Check Function Compatibility Using Metadata

You can use function metadata to verify that the output type of one function strictly matches the input type of a second function. In other words, for the function composition f(g(x)), you can check that the output class validation of g matches the input class validation of function f. If the class validations of the two functions are not compatible, then chaining them together might cause errors or other unintended side effects.

The first example in this topic uses a function to check class validation for one pair of arguments. The second example uses a class-based approach to enable more customization of the compatibility checks, including class and size validation for multiple argument pairs.

Check Class Validation for One Pair of Arguments

Define a function checkFuncChainCompatibility that takes the names of two functions, f and g, and assumes that g has one output value, and f has one input value. checkFuncChainCompatibility returns true only if the class validation of the output of g exactly matches the class validation of the input of f. If one type can be converted to the other—for example, g outputs double and f accepts int64checkFuncChainCompatibility returns false.

function tf = checkFuncChainCompatibility(f,g)
% Verify that the data types for composition of 
% functions f(g(x)) is valid.
    arguments (Input)
        f (1,1) string
        g (1,1) string
    end

    tf = false;

    gMeta = metafunction(g);
    fMeta = metafunction(f);

    if isempty(gMeta.Signature.Outputs.Validation) ||...
            isempty(fMeta.Signature.Inputs.Validation)
        return;
    end

    gOutputType = gMeta.Signature.Outputs.Validation.Class;
    fInputType = fMeta.Signature.Inputs.Validation.Class;

    if gOutputType == fInputType
        tf = true;
    end
    
end

Given the names of the two functions, checkFuncChainCompatibility calls metafunction to create matlab.metadata.Function instances for both functions, gMeta and fMeta. Before proceeding, checkFuncChainCompatibility verifies that function g uses output validation and function f uses input validation. checkFuncChainCompatibility retrieves the class validations of the output of g and the input of f.

To retrieve the class validations for the two functions, checkFuncChainCompatibility indexes through the properties of the function metadata classes:

Indexing expression gMeta.Signature.Outputs.Validation.Class, with properties numbered to correspond to the following numbered list

  1. The Signature property of gMeta and fMeta are of type matlab.metadata.CallSignature.
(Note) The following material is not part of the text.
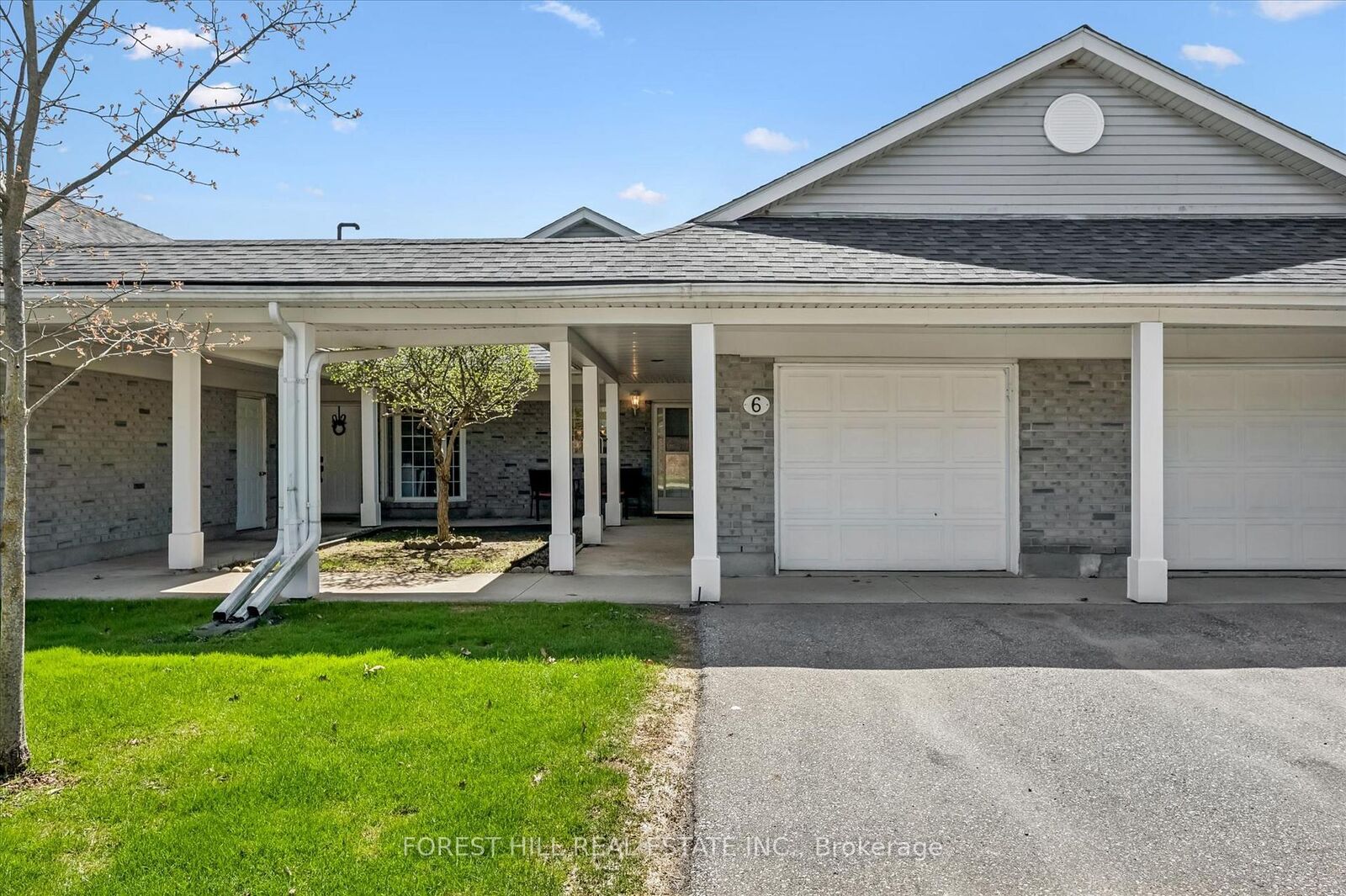 Property Photo:  21 Foell Street  ON N3A 2V6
  2. The Inputs and Outputs properties of CallSignature are of type matlab.metadata.Argument.

  3. The Validation property of Argument is of type matlab.metadata.ArgumentValidation.
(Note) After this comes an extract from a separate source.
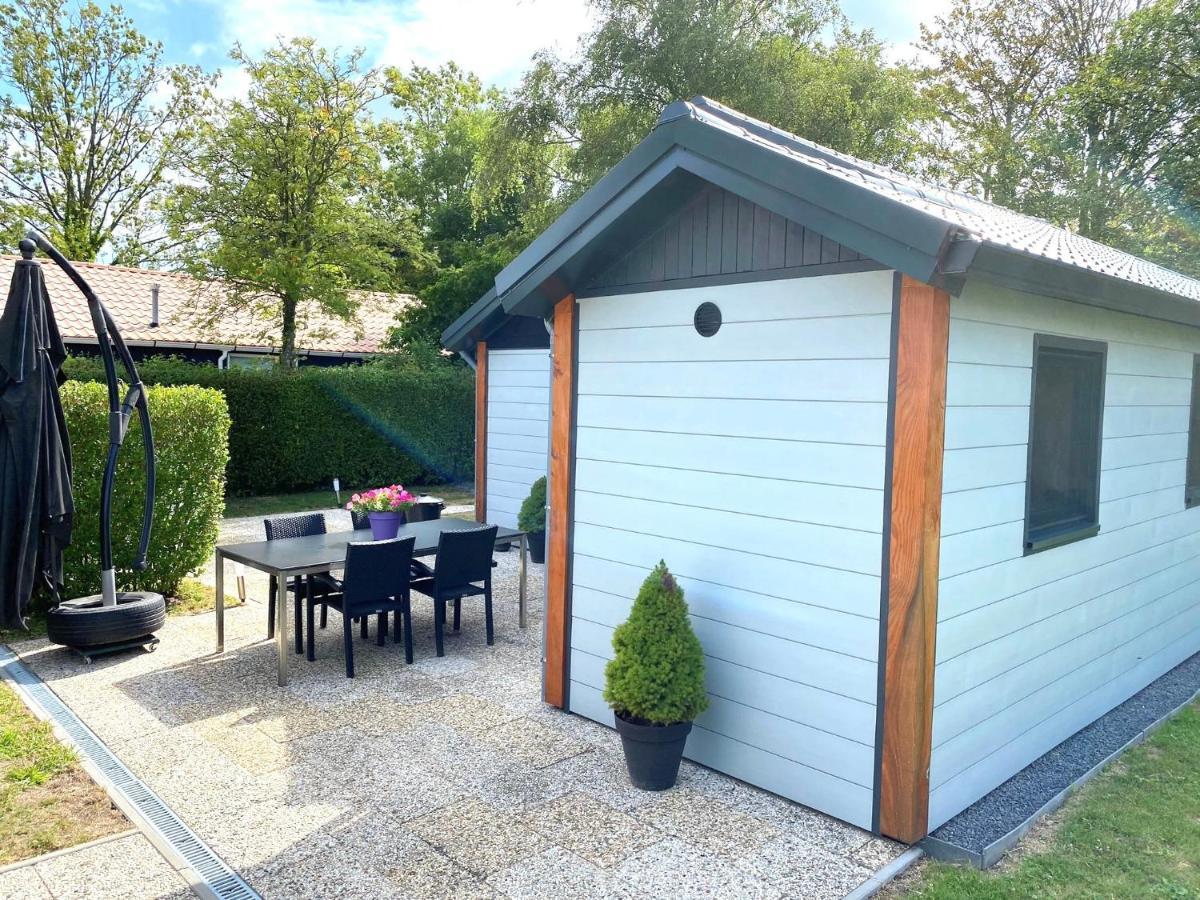 Oosterschelde Lodge Met Veel Privacy En Dicht Bij Het Water 스케프네스 외부 사진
  4. The Class property of ArgumentValidation is a metaclass instance.

As the final step, the function checks if the class validation of the function f input matches the class validation of the function g output.

Apply the Test Function

Use checkFuncChainCompatibility to check if two functions in an image processing workflow can be run in sequence. The first function, cleanData, is a general purpose function that replaces missing data and outliers in a data set.

function revisedData = cleanData(data)
% This function fills missing data points and replaces outliers.

    arguments (Input)
        data double
    end

    arguments (Output)
        revisedData double
    end

    dataNoNaNs = fillmissing(data,"linear");
    revisedData = filloutliers(dataNoNaNs,"linear","median");
end

The second function takes raw image data, which is typically uint8, and normalizes it to double values in the interval [0, 1].

function processedData = preprocessImageData(rawData)
% This function preprocesses raw image data by
% normalizing and converting to double.

    arguments (Input)
        rawData uint8
    end

    arguments (Output)
        processedData double 
    end
    
    processedData = double(rawData)/255;
end

Use checkFuncChainCompatibility to test if the output type of cleanData matches the input type required for preprocessImageData. The functions fail the compatibility test because cleanData outputs double, but preprocessImageData expects uint8. 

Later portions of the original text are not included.